How few devs do you have? Assuming a small startup of 12, you'd be able to give each dev a raise of $42 per month. Your devs would have to be severely underpaid to notice a $42/month raise.
And if you put it to a vote, "would you rather upgrade from Teams to Slack for $9 per month, or get $9 of taxable income more per month?", I think there's a very good chance you'd be switching that week.
(I don't love Slack by any means. Still, I'd pay $9/mo out of my own pocket not to use Teams.)
They could review PRs and commits and specs to get visibility and reduce comms overhead, if they had the skills and time.
The non-technical manager also takes great conveniences in making technical people spend their time translating things. But no one ever asks the manager to learn new skills as much as they make developers do it.
This is a really interesting point that too often goes unexamined.
I don’t know how to design and integrate systems and products, and write code, because I was born that way. I had to learn.
Likewise, later on, I had to learn project management, and product management, and the language of business so I could communicate effectively with those lacking a background in technology. Again, wasn’t born that way: had to learn.
But in a quarter of a century, the number of people on the commercial side who’ve bothered to learn enough about the technology side to have an informed conversation? Very few.
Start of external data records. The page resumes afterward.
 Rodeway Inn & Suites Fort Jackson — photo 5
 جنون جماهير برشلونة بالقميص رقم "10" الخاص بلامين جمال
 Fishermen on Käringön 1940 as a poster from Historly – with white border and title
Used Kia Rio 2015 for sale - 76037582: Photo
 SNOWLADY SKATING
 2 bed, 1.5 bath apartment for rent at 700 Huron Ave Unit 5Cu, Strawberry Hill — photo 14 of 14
Probably count them on one hand (the naive way: not using binary).
And bear in mind we’re talking about businesses that were heavily if not totally reliant on technology and the delivery of technology solutions for their continued existence.
You’d think a few more of these people would want to take a bit more responsibility for those outcomes, and maybe be a bit less disruptive to productivity, given their livelihoods have often depended on the success of said outcomes.
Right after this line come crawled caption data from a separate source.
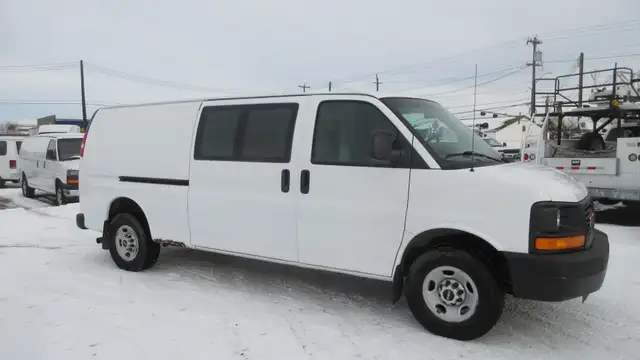2008 GMC Savana CARGO VAN in Heavy Trucks in Vancouver - Image 5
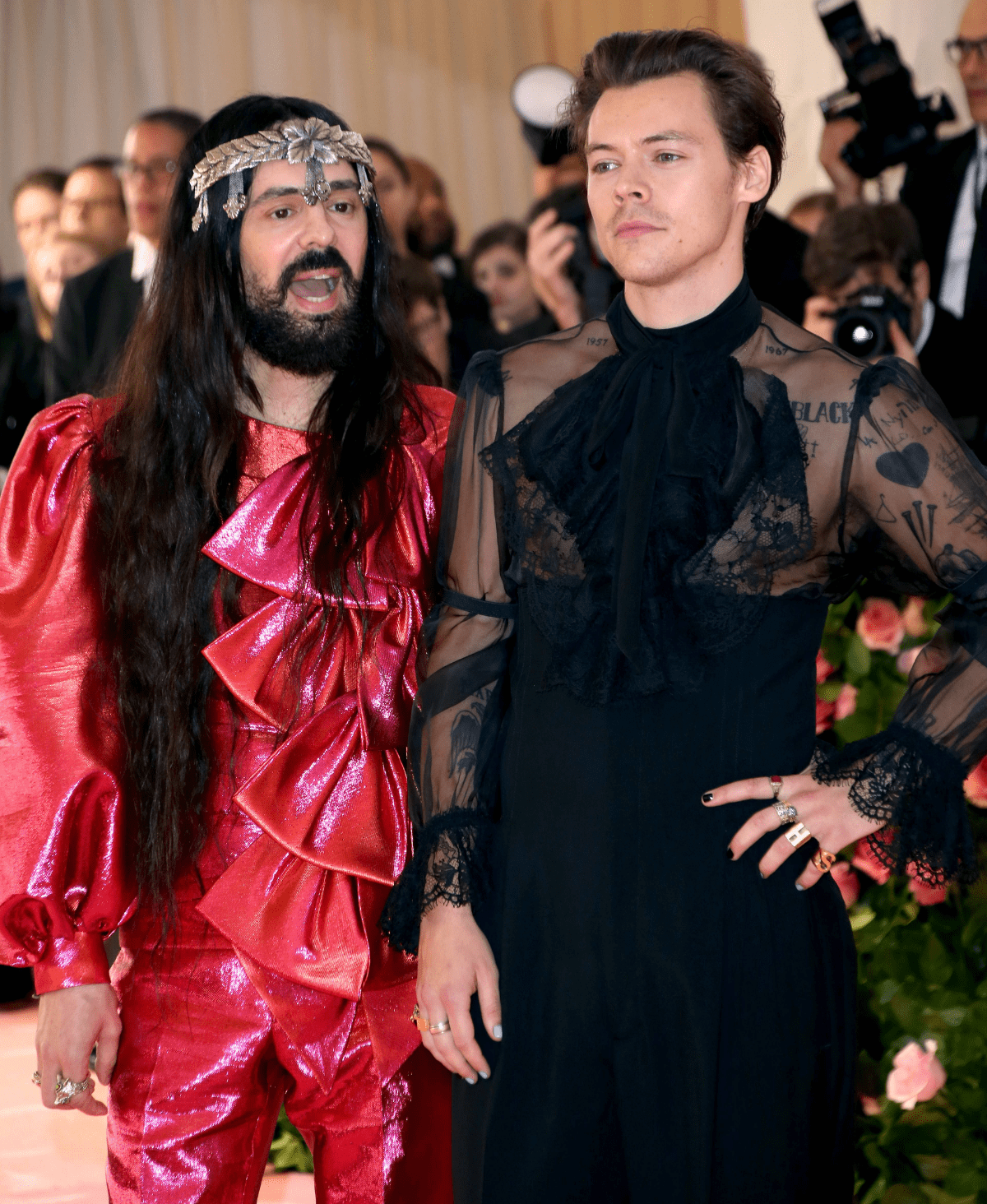 Harry Styles bringt eigene geschlechtsneutrale Beauty-Marke „Pleasing" raus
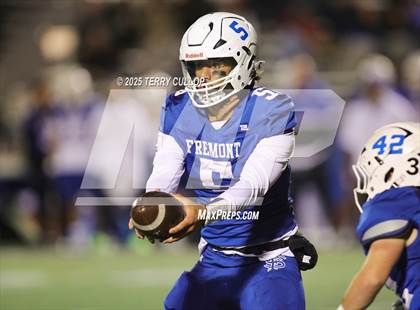 Thumbnail 1 in Roy @ Fremont photogallery.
Standups should eliminate almost all other meetings engineers need to attend. Except to go deeper on questions that came up in standup that cannot be instantly resolved.
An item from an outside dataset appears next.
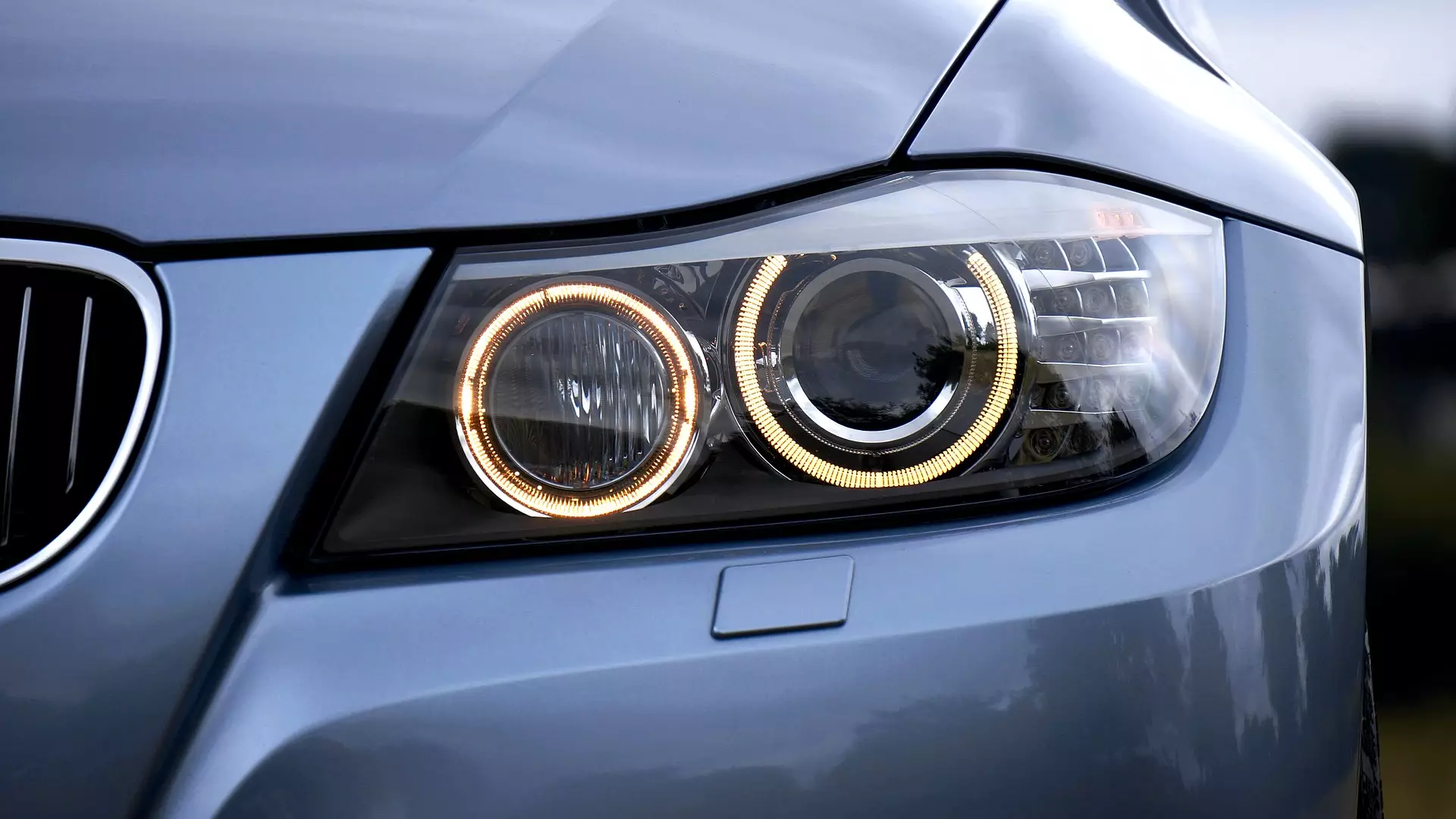 RAC Warns That Headlights Are Dangerously Bright On New Cars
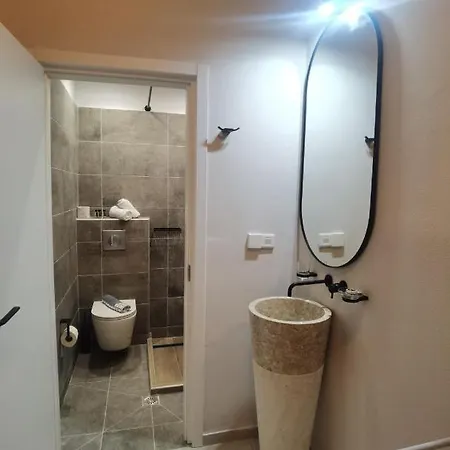 Noon Beyond Pollonia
there should be only 3 regular meetings in an agile engineering team
- weekly iteration planning (1-2 hours max)
- daily standup (15 mins max)
- weekly demo & retro (1-2 hours max)
literally everything else is work off the kanban board or backlog.
in my teams everyone was told to decline all meetings unless it explicitly led to the completion of a weekly planned story/task. this way all meetings for the team have a clear agenda and end in mind.
for mandatory external meetings & running interference with external parties, there are ways to insulate the majority of the team from that.
Is that three kinds of regular meetings? Because I count 8 meetings (and four kinds, as I don't think I've ever had demo and retro combined due to different groups of people being in both).
Not correcting, just clarifying for myself. I sure wish I had such a controlled environment with only 15% of time in coordination and where standup actually was 15 mins and not a segue into the everything meeting.
I will allow one more meeting to start a new sprint and end the previous one. Everyone should have prepared ahead of time to report on all their sprint items and whether they were completed, if not why not, and to present the work they will be doing in the next sprint.
If the Scrum Master or whatever their title schedules any other repeating process meetings, fire them.
In my last company (before I left tech forever) I would tell my team that I am blocked on something or my progress is slow because of whatever reason and it would all get ignored lol.
It was almost like they required the standup as part of the process but never used it the way it should be used.
RTO would be much more popular if people were actually coming back to an individual office instead of the cubicle farm
Businesses and commercial real estate did this to themselves. I especially hope commercial real estate enters a death spiral and we stop building offices unless they are absolutely needed and free up some of the land for residential use (and not converting the buildings).